▸ Required work: The following data needs to be repeated exactly, with all images excluded.

▸ Dataset extract:

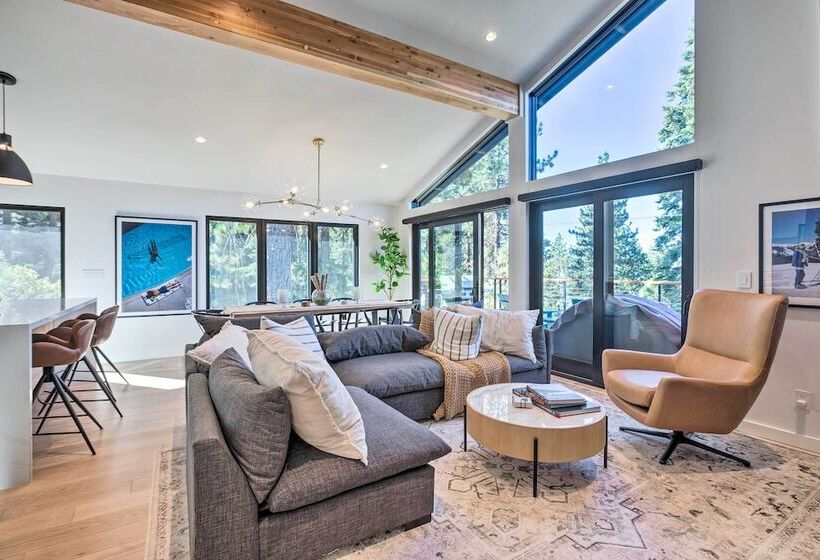 Family Friendly Lake Tahoe House W/ Hot Tub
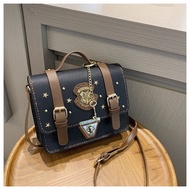 Túi Handmade Túi Tự Đan Da Pu Hình Harry Potter Phong Cách Anh Quốc Lịch Lãm Làm Quà Tặng Cho Bạn Gá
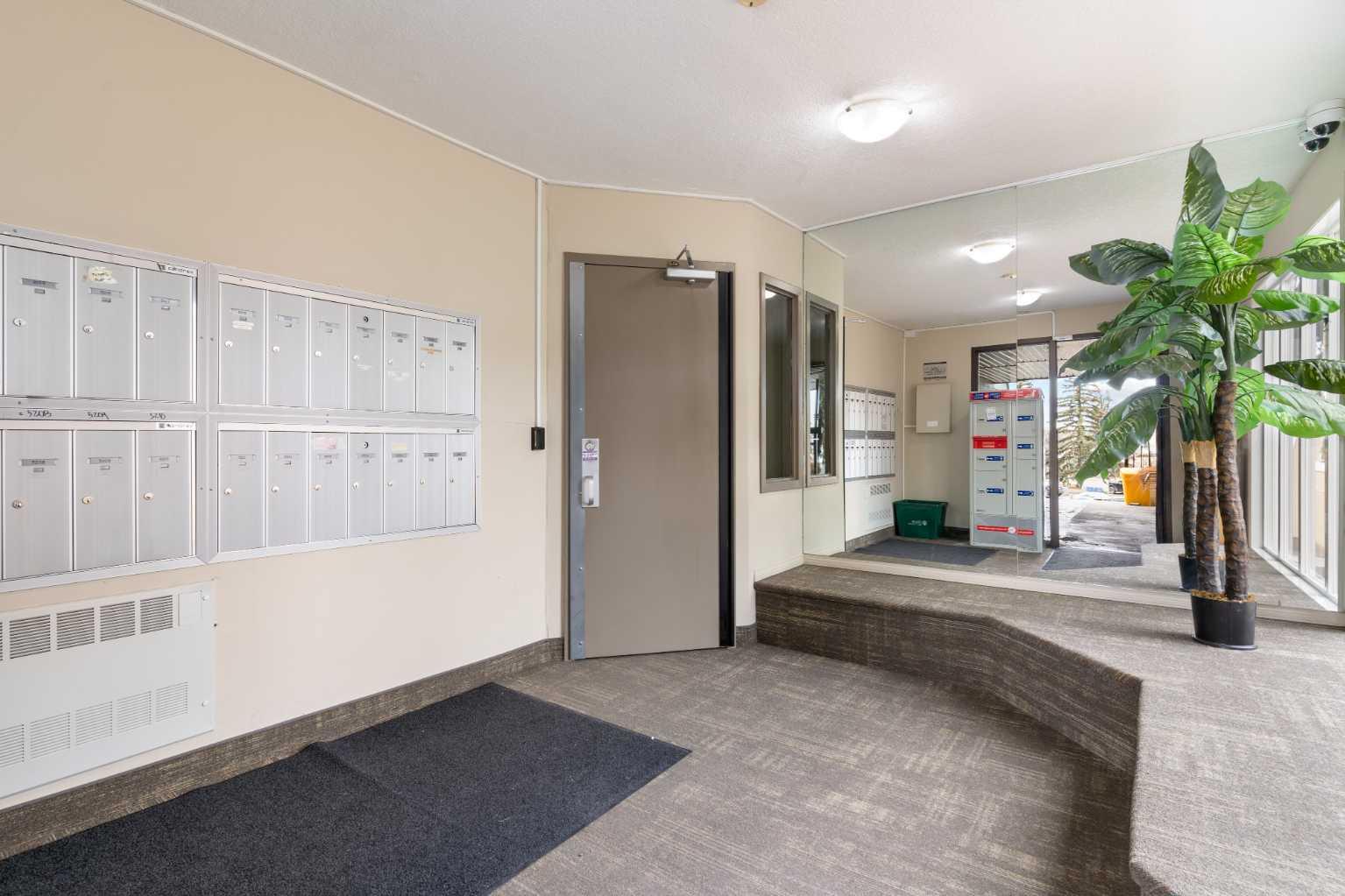 27 Grier Place NE 5205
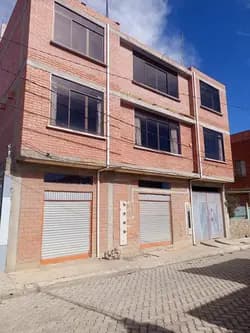 Casa Multifamiliar con 5 departamentos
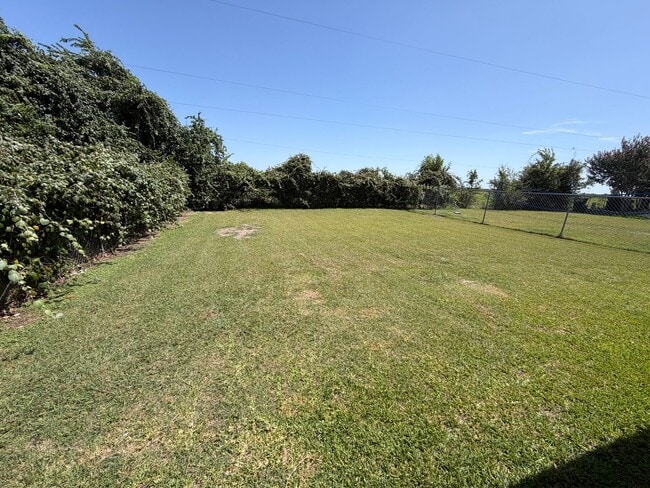 Building Photo - 2213 Schwald Rd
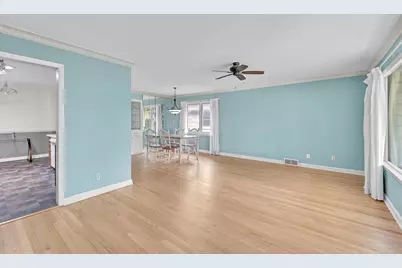 7920 W Manitoba St, West Allis, WI 53219 - Photo 7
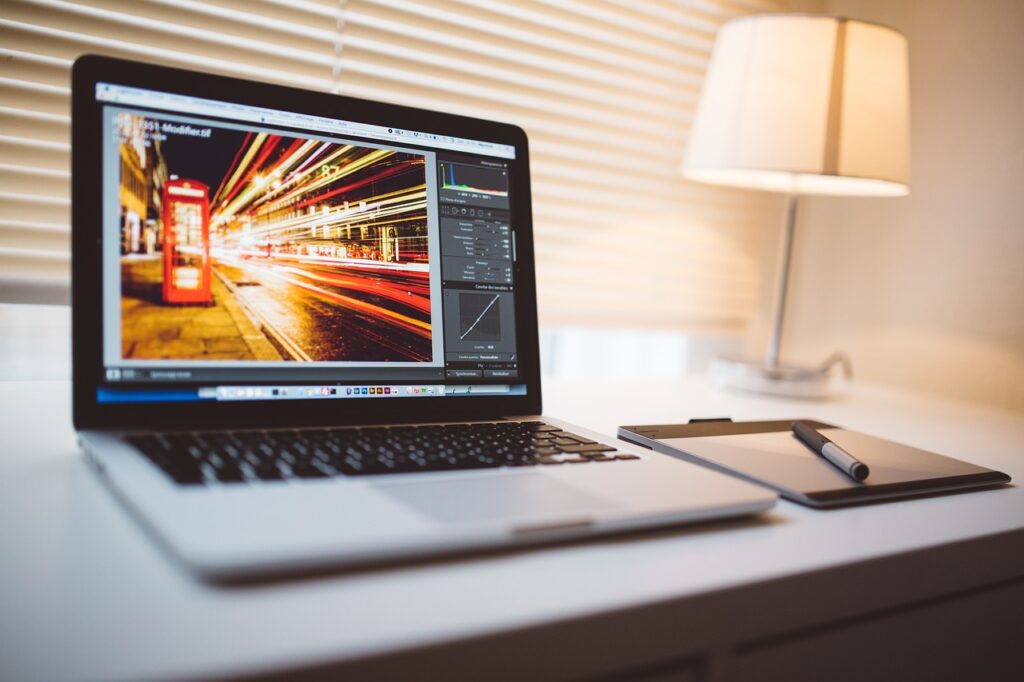 Editing Fotografico Online vs. Software Desktop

▸ Response below:
 Family Friendly Lake Tahoe House W/ Hot Tub
 Túi Handmade Túi Tự Đan Da Pu Hình Harry Potter Phong Cách Anh Quốc Lịch Lãm Làm Quà Tặng Cho Bạn Gá
 27 Grier Place NE 5205
 Casa Multifamiliar con 5 departamentos
 Building Photo - 2213 Schwald Rd
 7920 W Manitoba St, West Allis, WI 53219 - Photo 7
 Editing Fotografico Online vs. Software Desktop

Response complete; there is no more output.